Nothing but the lines from the one containing "Women's Victoria's Secret" through the end of the data should be output, each reproduced exactly.

[Data supplied]

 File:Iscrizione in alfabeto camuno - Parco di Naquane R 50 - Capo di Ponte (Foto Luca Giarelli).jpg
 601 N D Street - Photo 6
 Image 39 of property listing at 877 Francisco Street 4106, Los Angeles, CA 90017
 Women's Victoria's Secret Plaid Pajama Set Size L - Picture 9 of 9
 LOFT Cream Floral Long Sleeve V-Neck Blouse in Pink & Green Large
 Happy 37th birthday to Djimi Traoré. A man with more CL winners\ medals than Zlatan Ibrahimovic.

[/Data supplied]

| Exercise output |
 Women's Victoria's Secret Plaid Pajama Set Size L - Picture 9 of 9
 LOFT Cream Floral Long Sleeve V-Neck Blouse in Pink & Green Large
 Happy 37th birthday to Djimi Traoré. A man with more CL winners\ medals than Zlatan Ibrahimovic.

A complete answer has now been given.